Raw data START

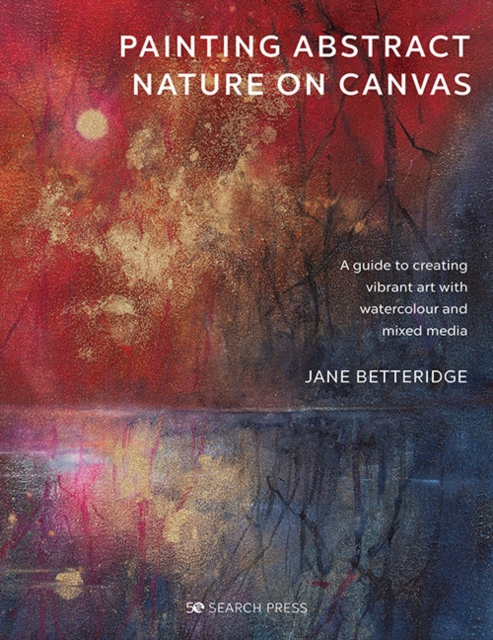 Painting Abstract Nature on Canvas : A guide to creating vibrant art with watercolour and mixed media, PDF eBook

Raw data END
Raw data START

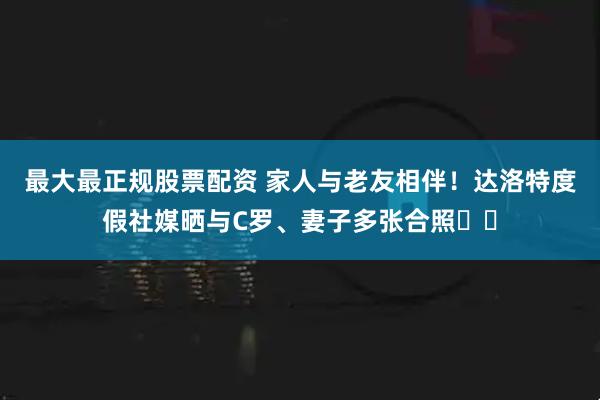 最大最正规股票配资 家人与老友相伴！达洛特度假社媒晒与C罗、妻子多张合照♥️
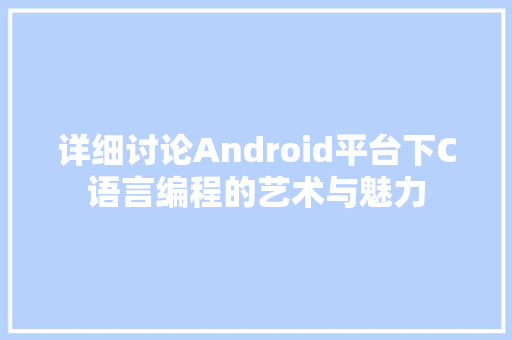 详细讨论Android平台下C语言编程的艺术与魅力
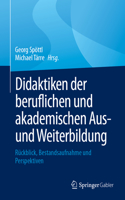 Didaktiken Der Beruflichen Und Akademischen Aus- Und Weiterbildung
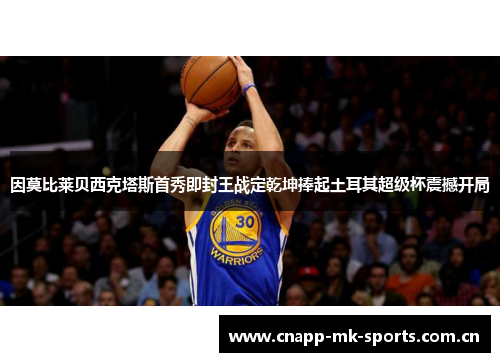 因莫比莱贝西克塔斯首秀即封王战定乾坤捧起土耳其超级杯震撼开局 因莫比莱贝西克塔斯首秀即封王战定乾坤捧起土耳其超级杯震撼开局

Raw data END

Directions for this task:
Start at the line above containing "Didaktiken Der Beruflichen" and stop at the line containing "因莫比莱贝西克塔斯首秀即封王战定乾坤捧起土耳其超级杯震撼开局 因莫比莱贝西克塔斯首秀即封王战定乾坤捧起土耳其超级杯震撼开局": print those lines and everything between them exactly, but not the pictures.

Task response:
 Didaktiken Der Beruflichen Und Akademischen Aus- Und Weiterbildung
 因莫比莱贝西克塔斯首秀即封王战定乾坤捧起土耳其超级杯震撼开局 因莫比莱贝西克塔斯首秀即封王战定乾坤捧起土耳其超级杯震撼开局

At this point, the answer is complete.